Stir-Fried Rice Noodles
Embark on a culinary journey with this delightful stir-fried vegetable noodle dish. Packed with colorful vegetables, aromatic ginger garlic paste, and a flavorful sauce, these noodles are a perfect balance of textures and flavors.
- 100g rice noodles
- 1 tbsp ginger garlic paste
- 2 tbsp soy sauce
- 1 cup sliced onion and capsicum
- 1 tbsp Troovy tomato sauce
- 1 tbsp olive oil Salt and pepper to taste
- Sliced green onions,
- roasted sesame seeds
Step 1: Prepare the Ingredients
Boil the rice noodles according to the package instructions. Once cooked, drain and set aside. Slice the assorted vegetables, such as carrots, bell peppers, broccoli, and mushrooms. Chop the green onions for garnish.
Step 2: Heat the Oil and Add Ginger Garlic Paste
Heat the vegetable oil in a pan or wok over medium heat. Add the ginger garlic paste and stir-fry for a minute or until it becomes aromatic. This will release the flavors of the ginger and garlic into the oil.
Step 3: Stir-Fry the Vegetables and Noodles
Add the sliced vegetables to the pan or wok. Stir-fry the vegetables for a few minutes until they slightly soften. Add the boiled rice noodles to the pan or wok and continue stir-frying, tossing everything together, until the noodles are well-coated with the oil and the vegetables are evenly distributed.

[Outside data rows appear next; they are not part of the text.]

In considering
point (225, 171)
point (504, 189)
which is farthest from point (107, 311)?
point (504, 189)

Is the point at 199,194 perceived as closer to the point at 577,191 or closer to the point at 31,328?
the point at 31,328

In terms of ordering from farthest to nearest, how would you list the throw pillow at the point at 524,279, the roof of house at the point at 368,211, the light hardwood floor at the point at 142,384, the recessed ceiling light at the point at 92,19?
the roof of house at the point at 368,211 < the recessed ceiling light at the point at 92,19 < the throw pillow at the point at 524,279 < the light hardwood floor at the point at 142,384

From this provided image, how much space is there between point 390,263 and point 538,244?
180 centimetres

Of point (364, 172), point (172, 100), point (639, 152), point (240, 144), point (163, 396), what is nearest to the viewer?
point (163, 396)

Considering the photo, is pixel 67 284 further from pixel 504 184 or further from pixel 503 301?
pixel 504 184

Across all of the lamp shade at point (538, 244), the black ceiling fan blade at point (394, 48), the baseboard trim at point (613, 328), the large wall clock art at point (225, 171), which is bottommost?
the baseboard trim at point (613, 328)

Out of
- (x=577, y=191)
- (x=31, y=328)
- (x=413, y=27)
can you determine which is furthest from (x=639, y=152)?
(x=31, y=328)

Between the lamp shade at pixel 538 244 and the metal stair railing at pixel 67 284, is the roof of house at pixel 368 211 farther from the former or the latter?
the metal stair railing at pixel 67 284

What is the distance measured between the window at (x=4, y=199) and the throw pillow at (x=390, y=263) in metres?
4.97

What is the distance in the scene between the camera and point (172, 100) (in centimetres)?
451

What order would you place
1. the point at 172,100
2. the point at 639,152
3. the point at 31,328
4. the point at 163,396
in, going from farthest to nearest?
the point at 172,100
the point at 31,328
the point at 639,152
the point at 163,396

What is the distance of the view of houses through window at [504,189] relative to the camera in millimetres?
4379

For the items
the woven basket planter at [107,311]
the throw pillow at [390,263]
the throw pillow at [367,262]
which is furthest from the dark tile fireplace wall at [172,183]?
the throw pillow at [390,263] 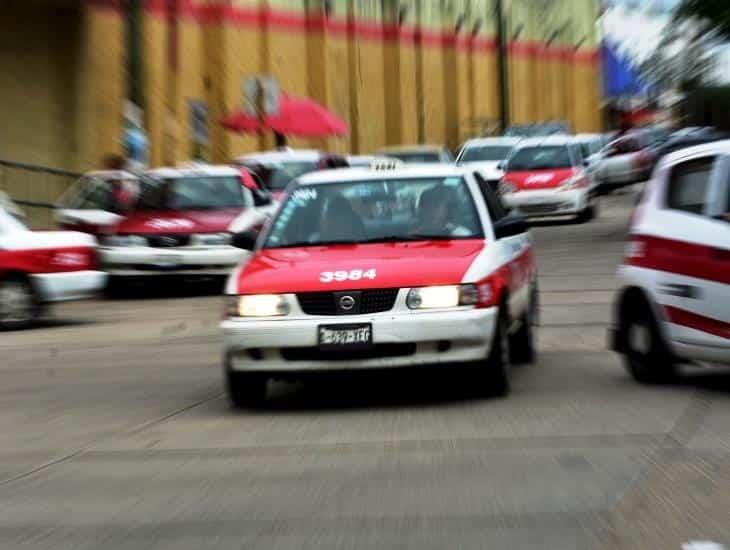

Step 4: Add Soy Sauce, Tomato Ketchup, and Water
Pour the soy sauce and Troovy Tomato ketchup over the stir-fried noodles and vegetables. Add 1-2 tablespoons of water to create a sauce-like consistency and to help coat the noodles and vegetables evenly. Mix everything well, ensuring that the sauce is distributed throughout and coats all the ingredients.
Garnish and transfer the stir-fried vegetable noodles to a serving dish and serve hot!!